'''

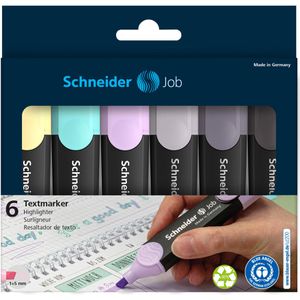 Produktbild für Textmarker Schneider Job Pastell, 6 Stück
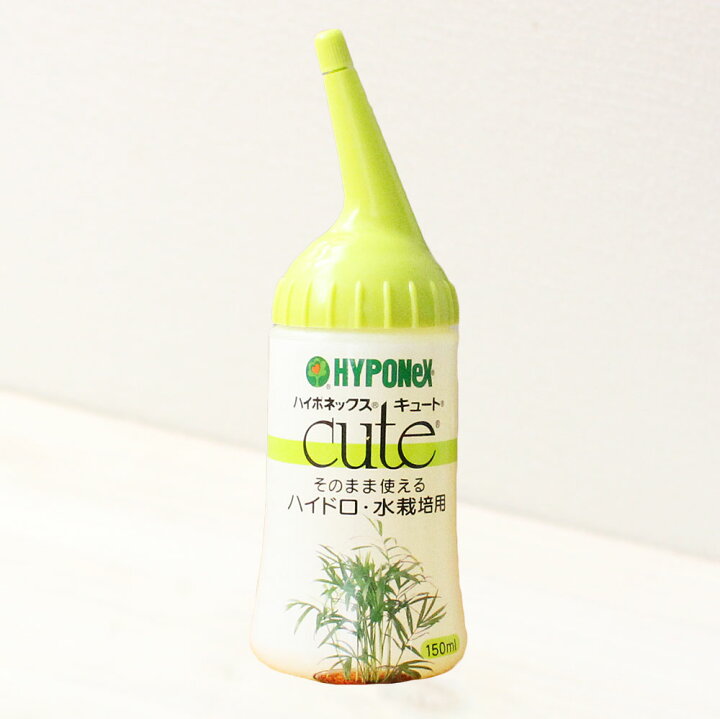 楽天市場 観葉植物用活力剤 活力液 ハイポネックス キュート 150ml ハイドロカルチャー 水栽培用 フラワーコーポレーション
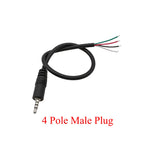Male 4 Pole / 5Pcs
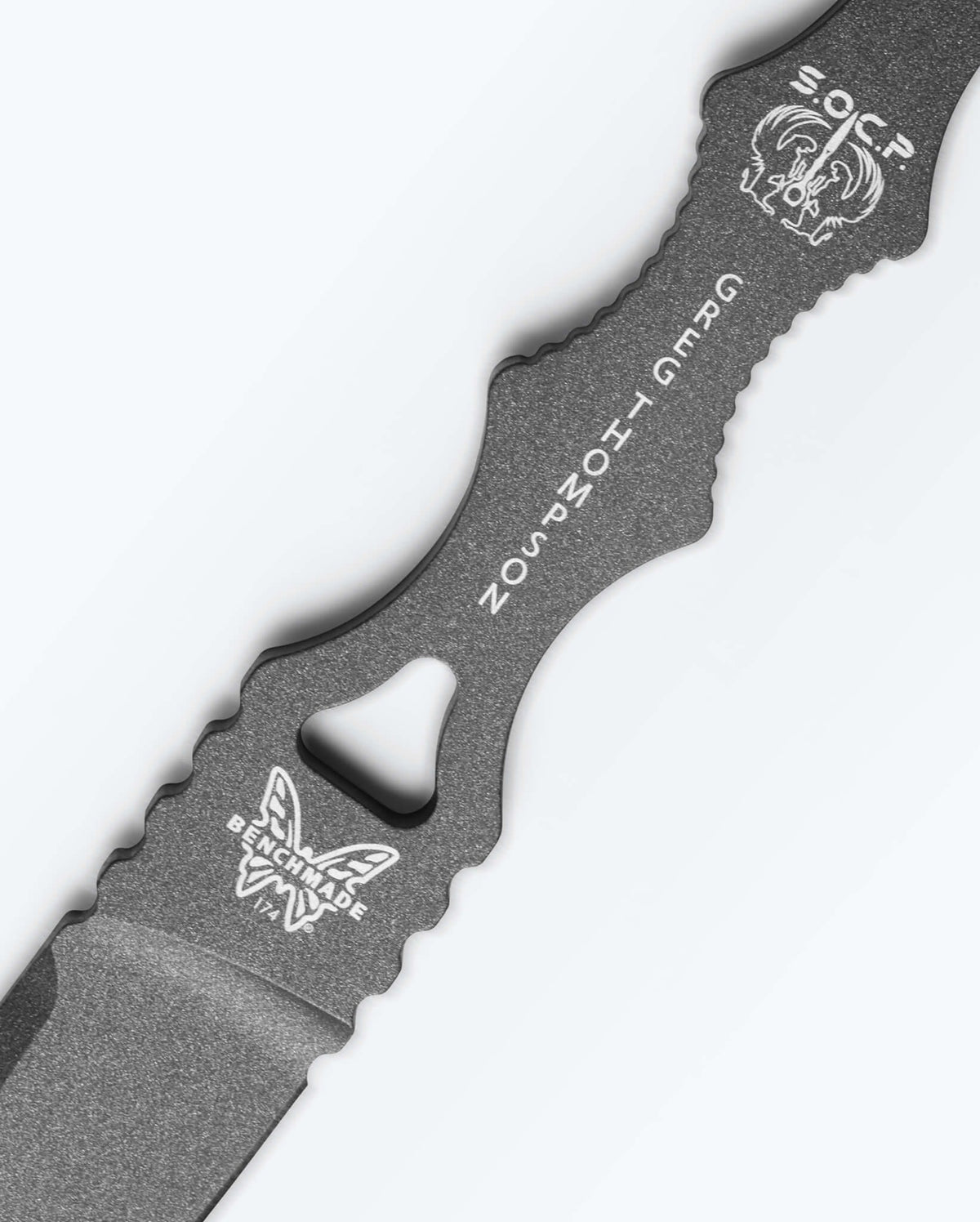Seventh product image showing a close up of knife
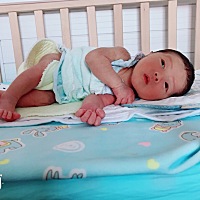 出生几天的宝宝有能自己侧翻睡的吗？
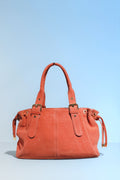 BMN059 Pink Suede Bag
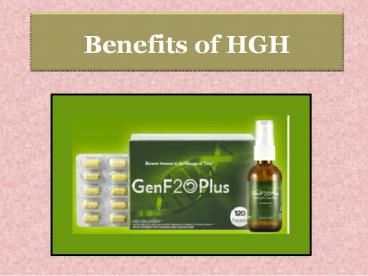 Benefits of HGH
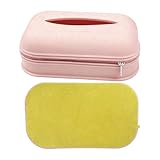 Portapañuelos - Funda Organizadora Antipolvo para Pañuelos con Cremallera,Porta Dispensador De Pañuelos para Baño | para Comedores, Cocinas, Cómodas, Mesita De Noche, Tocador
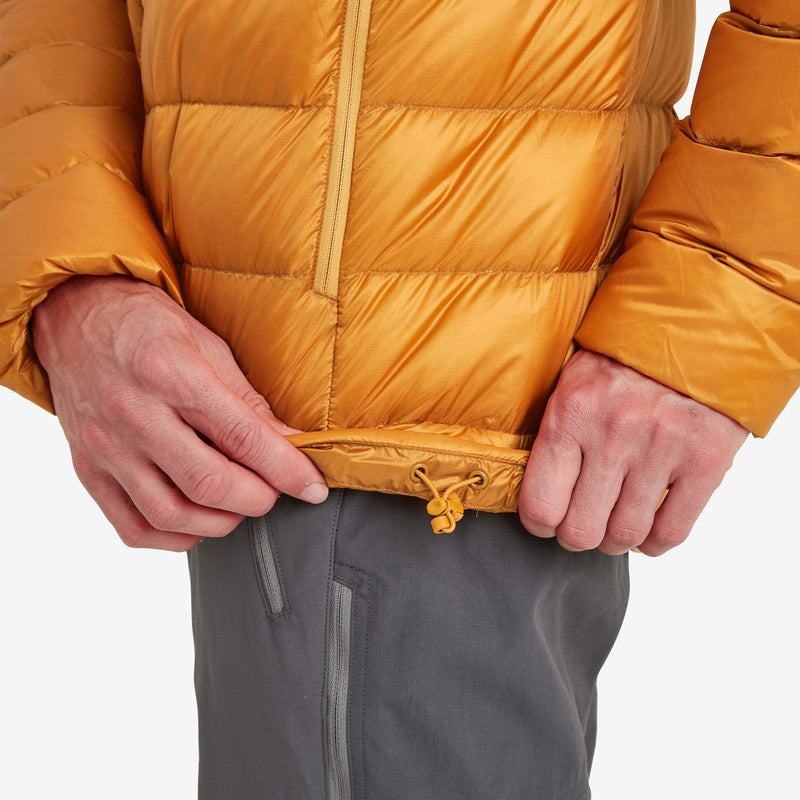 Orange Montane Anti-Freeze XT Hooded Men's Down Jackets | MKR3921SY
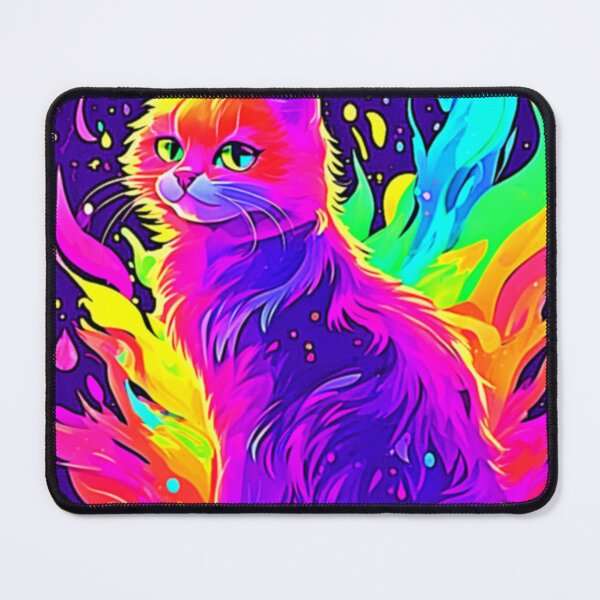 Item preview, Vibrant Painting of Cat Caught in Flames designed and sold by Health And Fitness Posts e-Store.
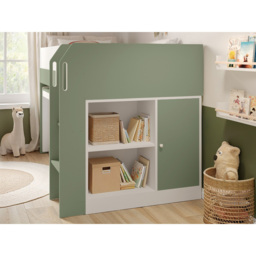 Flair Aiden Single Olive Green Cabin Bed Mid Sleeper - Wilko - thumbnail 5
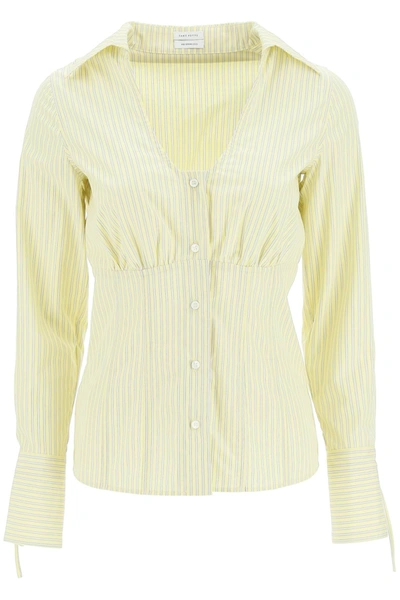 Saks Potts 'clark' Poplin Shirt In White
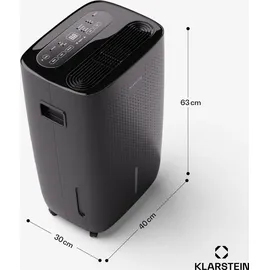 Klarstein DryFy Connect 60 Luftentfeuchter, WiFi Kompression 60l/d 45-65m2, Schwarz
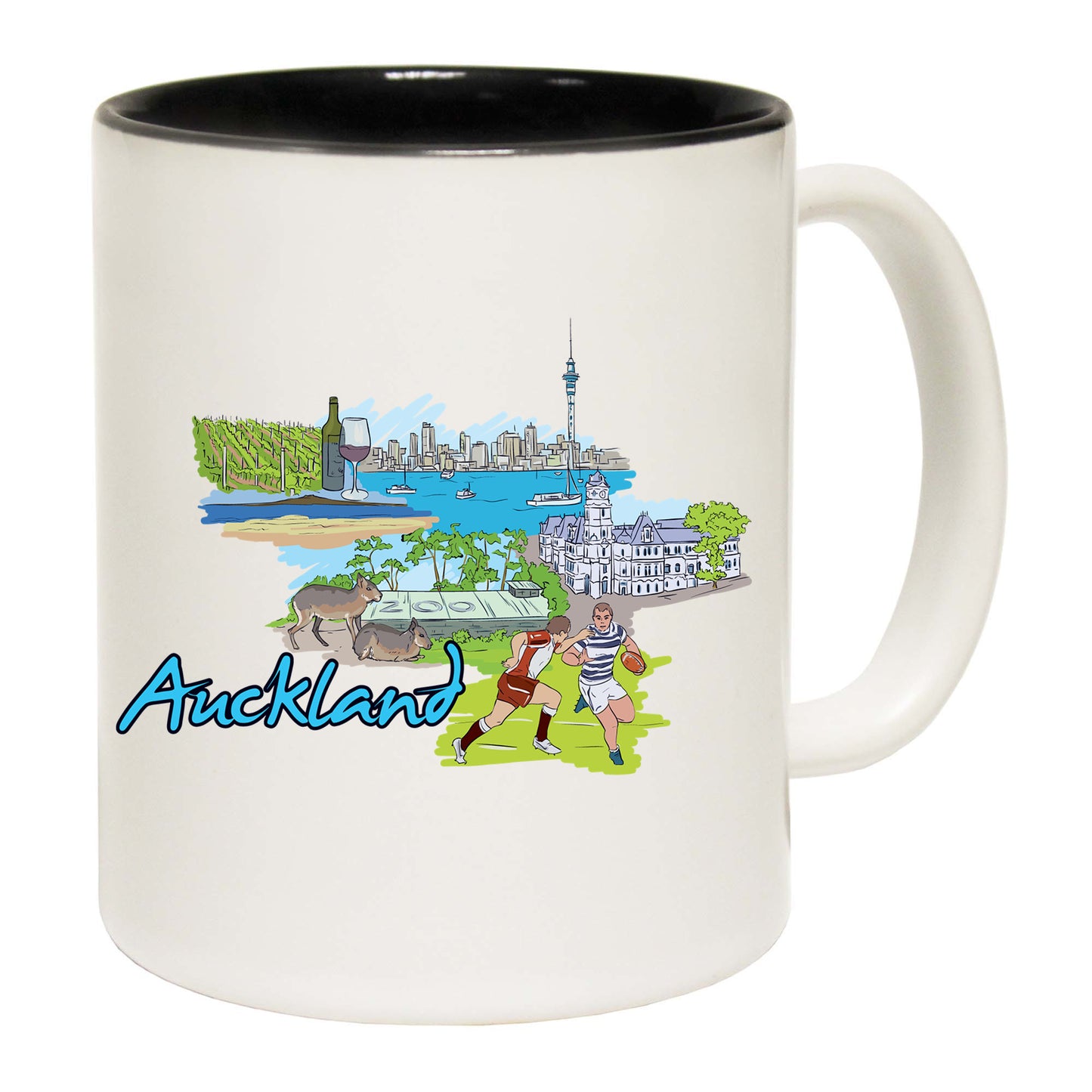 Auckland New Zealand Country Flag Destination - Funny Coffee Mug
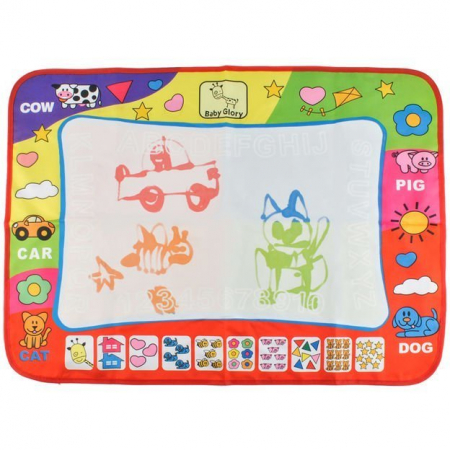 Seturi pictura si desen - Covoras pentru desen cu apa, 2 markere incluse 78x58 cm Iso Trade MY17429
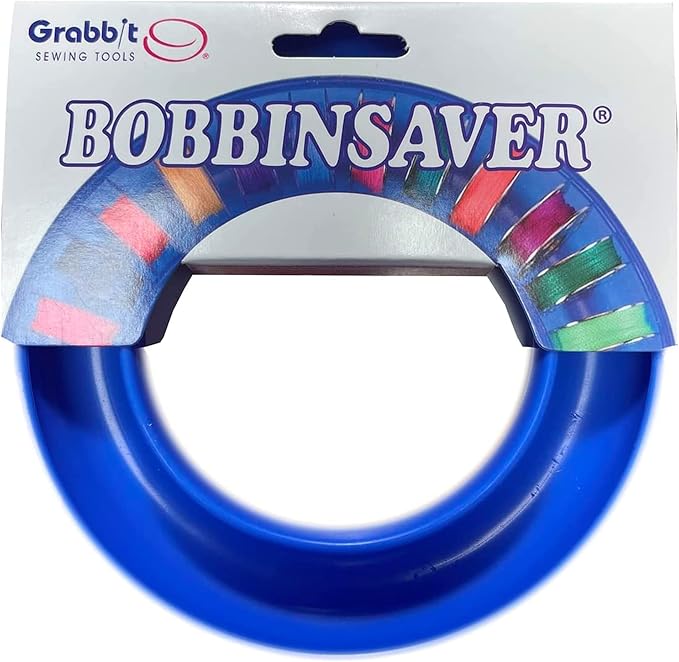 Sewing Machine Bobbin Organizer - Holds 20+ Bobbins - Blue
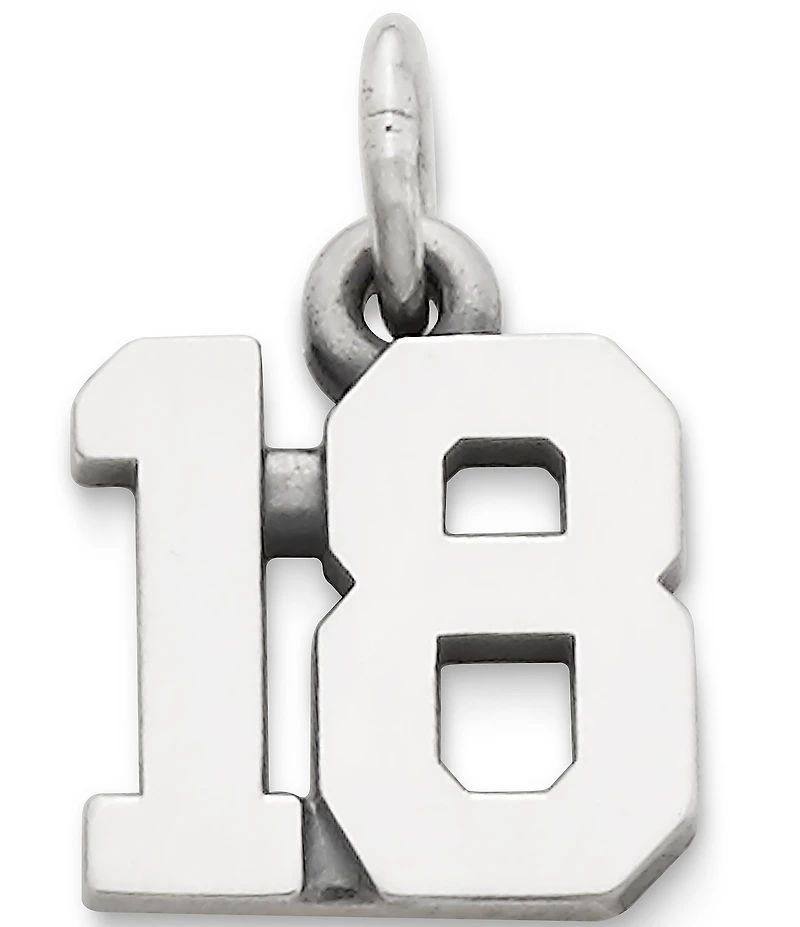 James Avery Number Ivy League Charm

'''

*Exercise instructions*
Leave out the pictures and restate, word for word, the lines from the top of the data through the line containing "Orange Montane Anti-Freeze", both included.

*Output*
 Produktbild für Textmarker Schneider Job Pastell, 6 Stück
 楽天市場 観葉植物用活力剤 活力液 ハイポネックス キュート 150ml ハイドロカルチャー 水栽培用 フラワーコーポレーション
Male 4 Pole / 5Pcs
Seventh product image showing a close up of knife
 出生几天的宝宝有能自己侧翻睡的吗？
 BMN059 Pink Suede Bag
 Benefits of HGH
 Portapañuelos - Funda Organizadora Antipolvo para Pañuelos con Cremallera,Porta Dispensador De Pañuelos para Baño | para Comedores, Cocinas, Cómodas, Mesita De Noche, Tocador
 Orange Montane Anti-Freeze XT Hooded Men's Down Jackets | MKR3921SY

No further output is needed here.